In Network Know-how, Ross introduces the novice network manager to the basic concepts of networking and provides important insights into why things work (or sometimes don’t work) in small network environments. He offers practical advice on LAN design as well as equipment and infrastructure installation, giving concise instructions on how to setup and operate a range of servers, clients, and peripherals. All this Ross achieves without resorting to unnecessary jargon or gross over-simplification: in short, it is networking for the rest of us!
Given the extensive range of hardware and software available, the book does tend to be understandably vague regarding hardware and, in places, a little Windows-centric.
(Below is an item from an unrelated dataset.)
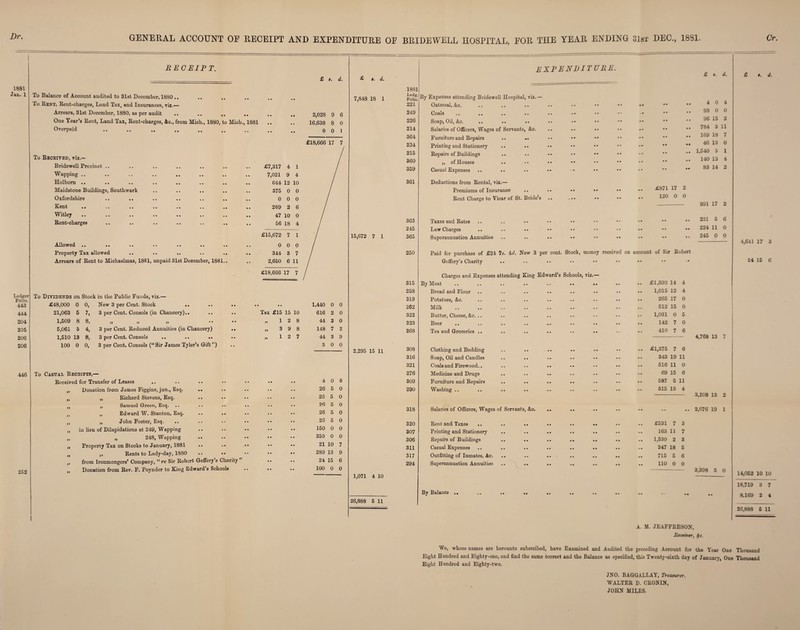 Dr GENERAL ACCOUNT OE RECEIPT AND EXPENDITURE OE BRIDEWELL HOSPITAL, EOR THE YEAR/ ENDING 31sx DEC., 18S1. Or. 1881 Jan. 1 Ledger Folio. 443 444 204 205 206 206 446 DEC DIP T. To Balance of Account audited to 31st December, 1880 .. To Rent, Rent-charges, Land Tax, and Insurances, viz.— Arrears, 31st December, 1880, as per audit .. .. .. One Year’s Rent, Land Tax, Rent-charges, Ac., from Mich., 1880, to Mich., 1881 Overpaid To Received, viz.— Bridewell Precinct Wapping .. Holborn .« .. *. Maidstone Buildings, Southwark Oxfordshire Kent .. «. Witley Rent-charges Allowed •• •« .« •• •• •• «« Property Tax allowed .. .. .. .. Arrears of Rent to Michaelmas, 1881, unpaid 31st December, 1881.. £ s. d. 2,028 9 6 16,638 8 0 0 0 1 £18,666 17 7 To Dividends on Stock in the Public Funds, viz.— £48,000 0 21,063 5 1.509 8 5,061 5 1.510 13 100 0 0, 7, 8, 4, 8, 0, New 3 per Cent. Stock .. 3 per Cent. Consols (in Chancery).. ii » it * * 3 per Cent. Reduced Annuities (in Chancery) 3 per Cent. Consols .. .. .. 3 per Cent. Consols (“Sir James Tyler’s Gift”) Tax £15 15 10 12 8 „ 3 9 8 „ 12 7 252 To Casual Receipts,— 1,440 0 0 616 2 0 44 3 0 148 7 2 44 3 9 3 0 0 Received for Transfer of Leases • • • • 4 0 0 >♦ Donation from James Figgins, jun., Esq. • • • • 26 5 0 J> „ Richard Stevens, Esq. • • • • 26 5 0 U „ Samuel Green, Esq. • • • • 26 5 0 „ Edward W. Stanton, Esq. • • • • 26 5 0 >> „ John Foster, Esq. .. • • • • 26 5 0 >> in lieu of Dilapidations at 249, Wapping • • • • 150 0 0 i) „ 248, Wapping • • • • 350 0 0 it Property Tax on Stocks to January, 1881 • • • • 21 10 7 it ,, Rents to Lady-day, 1880 • • • • 289 13 9 it from Ironmongers’ Company, “re Sir Robert Geffery’s Charity ” 24 15 6 a Donation from Rev. F. Poynder to King Edward’s Schools 100 0 0 £ i. d. 7,848 18 1 15,672 7 1 2,295 15 11 1,071 4 10 26,888 6 11 1881 Ledg. Folio. 221 249 226 214 364 234 215 360 359 361 363 245 365 250 315 258 319 262 322 323 268 308 316 321 276 309 290 318 320 307 306 311 317 294 expenditure. By Expenses attending Bridewell Hospital, viz.— Oatmeal, &c. Coals .. .. .. .. Soap, Oil, &c. .. .. • • Salaries of Officers, Wages of Servants, &c. Furniture and Repairs .. .. Printing and Stationery Repairs of Buildings „ of Houses Casual Expenses Deductions from Rental, viz.— Premiums of Insurance Rent Charge to Vicar of St. Bride’s £871 17 2 120 0 0 Taxes and Rates Law Charges .. .. •• •• •• •• •• •• •• •• Superannuation Annuities .. .« •• •• •• •• Paid for purchase of £24 Is. 4d. New 3 per cent. Stock, money received on account of Sir Robert Geffery’s Charity .. .. •• •• •• •• •• •• •* Charges and Expenses attending King Edward’s Schools, viz.— By Meat Bread and Flour Potatoes, &c. Milk Butter, Cheese, &c. . Beer Tea and Groceries . Clothing and Bedding Soap, Oil and Candles Coals and Firewood.. Medicine and Drugs Furniture and Repairs .. .. Washing .. Salaries of Officers, Wages of Servants, &c. Rent and Taxes Printing and Stationery Repairs of Buildings Casual Expenses Outfitting of Inmates, &c. Superannuation Annuities £1,390 14 4 1,015 12 4 265 17 0 512 15 0 1,031 0 5 142 7 0 410 7 6 £1,375 7 6 343 19 11 516 11 0 69 15 6 587 5 11 315 13 4 4,768 13 7 3,208 13 2 2,676 19 1 £531 7 163 11 1,530 2 347 18 715 5 110 0 3 7 3 5 6 0 3,398 5 0 By Balance £ *. d. 4 0 4 93 0 0 96 15 2 784 3 11 169 18 7 46 13 0 1,540 5 1 140 13 4 83 14 2 991 17 2 221 5 6 224 11 0 245 0 0 t. d. 4,611 17 3 24 15 6 14,052 10 10 18,719 3 7 8.169 2 4 26,888 5 11 A. M. JEAFFRESON, Receiver, $c. We, whose names are hereunto subscribed, have Examined and Audited the preceding Account for the Year One Thousand Eight Hundred and Eighty-one, and find the same correct and the Balance as specified, this Twenty-sixth day of January, One Thousand Eight Hundred and Eighty-two. JN0. BAGGALLAY, Treasurer, WALTER I). CRONIN, JOHN MILES.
Nevertheless, Ross has been careful to provide pointers for Mac and Linux users even if it is not as comprehensive as one would have liked and, because he explains the principles of networking so well, these signposts are more than sufficient to cope with all but the most specialised kit. Reading this book has resulted in significantly improved security in my own network and the ability to share files and services across multiple operating platforms (Windows, Windows Mobile, & Linux) and devices.
Overall, this book is a thoroughly recommended tract on networking for non-specialists. As with all books of the genre, this one is over-priced. However, don't let this fool you into believing that it is not value for money: if you want a secure and reliable network over which you can share data and resources, this is an excellent introduction.